Even if high temperature and high humidity both are good factors in against the Corona virus I'm afraid warm weather not help against huge population and a get together culture mentality. Individual thinking and discipline could IMO have saved many countries restriction which which in the end damage their economy more than protecting citizens.

Christy Sweet | 28 March 2020 - 11:39:08

It's heating and A/C that make lungs susceptible to pathogens, not the outside temperature.  

Rorri_2 | 28 March 2020 - 11:31:25

CHRISCHROSSTHAI .. this from a 
 controlled study.."High relative humidity (>95%) at comparatively low temperature (28°C and 33°C)did not affect the virus infectivity significantly" so currently Thailand's weather has little affect. What is keeping it down is "rubbery" figures, and an increase in "viral" pneumonia. 

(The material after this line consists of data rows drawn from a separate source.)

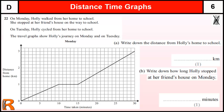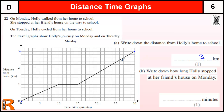Question A: write down the distance from Holly's home to school. This is all about a journey Holly takes on Monday from home to school. It starts off at home, which is zero kilometers at zero time, then gets to school after 30 minutes. So how far away is the school from home? Well, it's three kilometers — just reading that off the graph.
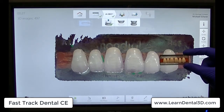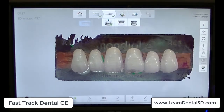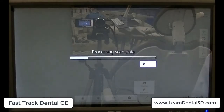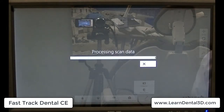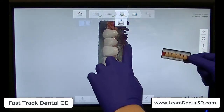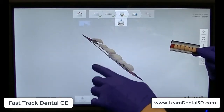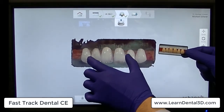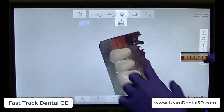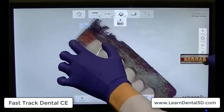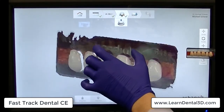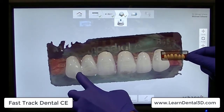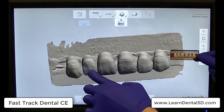Even though we're capturing this with our intraoral scanner, we can use this in our laboratory setting. By analyzing the scan in our post-processing tab, Trios will then automatically go ahead and start cleaning up our denture tooth card scan. This is really amazing because you can see the fidelity between the left and the right showing you the denture tooth card, and the magic here is what we're going to do with it next.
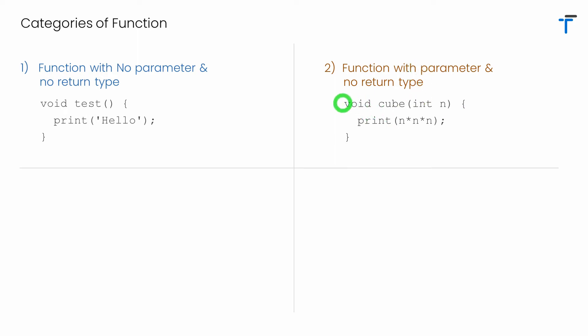But you can see in this case the return type is specified as void. It means this function won't return any value. And as operation I'm simply printing the cube of number over the console.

jamstock | 28 March 2020 - 10:44:40

I think that closing the beaches would be a big mistake as the hot sun, dry sand and salty water would make it very hard for any virus to survive, so likelihood of transmission is low. To maintain their health and wellbeing people need to a place to go out and get some air and some exercise (In UK parks are still allowed). People just need to be sensible and not gather in big groups.

CaptainJack69 | 28 March 2020 - 10:28:02

Like all sensible people in the world I have spent most of the last week in my home. When I went out yesterday to do an essential errand I was... well, frankly appalled to see how many people are out and about. The Thai's are carrying on like normal. Traffic is totally normal, most businesses are open. Sure most people are wearing masking (but not all) but still NO crash helmets on motorbikes.

CaptainJack69 | 28 March 2020 - 10:27:46

The official statistics tell us that more than 70 people die on Thailand's roads every day yet no one bats an eyelid over that. In 3 months of 'infection' 5 people have died from the virus. I'm sorry, where's the logic here? And if everyone is ignoring the stay-in-place guidelines anyway then why wreak so much havoc closing borders and destroying so many peoples businesses and ...

Kurt | 28 March 2020 - 10:04:39

@Pascale. Hold your breath. Traditional Thailand is always a bit late in 'things'. The Corona Covid 19 is now busy with  catching up fast in Thailand. By the way, are the Phuket ditches and canals already cleaned/prepared for coming rains, if they may come?

DeKaaskopp | 28 March 2020 - 10:00:03

@R.   03.53.04  Having a night shift again to do a research on hidden/not published cases in Thailand ? When can we expect to read about your result of people being tested positive on the virus and numbers weren't published ? 

CHRISCHROSSTHAI | 28 March 2020 - 08:59:24

I would say that previous research suggests that high temperature and high humidity both are good factors in reducing the Corona virus survival time on surfaces and thus reducing the spread... So Thailand and Phuket would have a better chance in fighting the spread of the virus than Europe and US; though, restrictions by government is still nessesary.... It just give us better odds, a chance.... 

Rorri_2 | 28 March 2020 - 03:53:04

Fascinated "does anyone really believe the Gov't figures," yes, Jor12/Dek/Pascale believe the govts figures.

Pascale | 27 March 2020 - 22:47:49

all those experts on here how to fight the virus.Seems to me that the vast amount of daily news about the virus and the whole situation itself overchallenges the ability of their rational thinking.If this crisis is over one day,all those cry babies should move to a place that suits their needs more. Thailand doesn't need you.

Pascale | 27 March 2020 - 22:25:24

For months now some poster seem to know what measures the government should have taken to prevent the spreading of the virus.Are those people actually aware what is going on in the rest of the world ? If Thailand is doing all wrong, so why is it that so many other countries are suffering extremely and do have so many cases ? Are they doing all wrong too ? Maybe they should contact

Fascinated | 27 March 2020 - 20:05:33

Safest place in Asia? We have seen lying, prevaricating and the left hand not knowing what the right hand is doing.  Taking 'action' this week is far too late- profit has conquered sense yet again. there should have been real action taken at the end of January instead of encouraging Chinese visitors. As ye sow so shall ye reap and does anyone really believe the Gov't figures?